Through this matter, the gaping rift between France’s official position regarding privacy rights and the lay of the land became problematic. Commenting on France’s recent push on data protection, William Fry reported that, “The French Data Protection authority (“CNIL”) has published its guidelines on practical enforcement of the General Data Protection Regulation (“GDPR”) and outlined a short period of enforcement flexibility. The CNIL has stated that for the first few months following application of the GDPR (on 25 May), from an enforcement viewpoint, it will make a distinction between long standing fundamental principles of data protection and novel GDPR concepts”. But foreign medical solution providers have already been laughing at France’s porous safeguards for some time, thanks to globalization which enable the extraction of data from a foreign country, out of the reach of French law. It appears now that even French operations consider the CNIL (France’s data privacy government office) to be laughing stock, to the extent that medical companies are getting their government to fund their products, despite their being illegal.
With government-guaranteed funding since the end of the second world war, medical companies have long had their eyes on the gold bullion which the French market represents. According to scopes considered, the general health market in France can be assessed to over 20 billion euros, with an additional 2 or 3 promised by the rise of connected medical devices. To maximize these profits and strengthen their positions on the market, laboratories have deployed immense lobbying effort, which have now completely overrun the government’s and the CNIL’s monitoring and control capacities. A review of online publications, and the lack of the material on the subject, strongly suggests that not only the CNIL is unable to address this privacy breach, but they seem utterly unaware that the problem even exists.
The complicity of French authority
Currently, connected health devices leave many loopholes through which medical data can leak, and the CNIL is unable to address these leaks, or outright unaware of the problem. When addressed on the subject, the CNIL shrugs and says there is nothing they can do about it. Valerie Peugeot, who works simultaneously as a board member for the CNIL and for communications giant Orange, says « Individual data are worthless! Only its aggregation yields added value”, openly admitting the attraction which companies feel for these data repositories. CNIL President Isabelle Falque-Pierrotin adds: “Data ownership is an illusion. Such a market would be imbalanced, with unlimited demand facing a plentiful offer. It would be a data large free-for-all, to the benefit of GAFA. Once they have ownership of the data, they will do as they please”. In other words, aware of the limits which governmental control would encounter, the CNIL decides to do nothing and let private interests dictate the rule. Computer expert Gérard Berry says, “the security of small connected objects offered to the general public is becoming a problem. Today, connected objects are absolute sieves”.

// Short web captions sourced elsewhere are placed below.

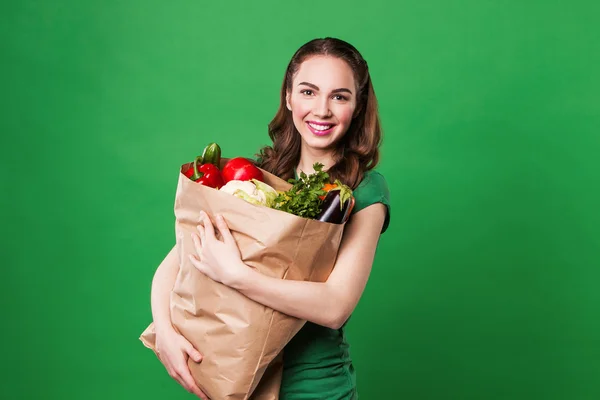 Mulher bonita segurando um saco de supermercado cheio de alimentos frescos e saudáveis. sobre fundo verde — Fotografia de Stock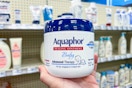person holding a tub of aquaphor baby ointment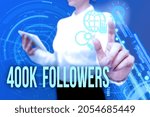 Small photo of Inspiration showing sign 400K Followers. Business overview number of individuals who follows someone in Instagram Lady In Uniform Standing Hold Phone Virtual Press Button Futuristic Tech.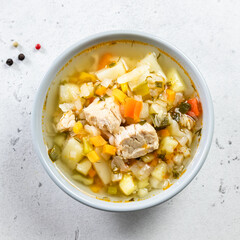 Comfort foos, slow cooker pork vegetable soup. Top view, copy space, flat lay.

And yet, data management and connected health devices need not be incompatible. Connected pacemakers (which uphold cardiac frequencies) and defibrillators (which prevent tachycardia), could help address effectively the 60 000 heart attacks every year, with immediate detection. But if the public feels that private companies are using their information in a savage and uncontrolled way, the market will shut down and the opportunity to modernize medical practices will be lost for France and recuperated by foreign companies. Google, for instance, is losing no time and is considering purchasing Nokia’s e-health division, as reported by CNET:
Google’s smart home division Nest may be looking to expand its product portfolio to health gadgets. Nokia, which bought a slew of smart home health products from Withings just two years ago, is reportedly in the market to sell its Health division, according to the tech website Wearable.
With the current mismanagement of the issue, things seem to be headed either nowhere or in the wrong direction. The imbalance of powers between overwhelmed and under-qualified governmental powers on the one hand, and private interests free to do as they please and elude legal control on the other hand, is such that any pursuit (or even strengthening) of current policies would amount to nothing. Only a decision of high magnitude (from Isabelle Falque-Pierrotin or possibly from President Macron) and an in-depth reform would bring positive evolutions. Until that decision occurs, either lobbies will continue to help themselves to medical patient data unencumbered, or the legal mess will push the public to simply refuse connected medical devices, causing France to miss the train of the digital revolution.
Samantha King is a freelance investigative journalist.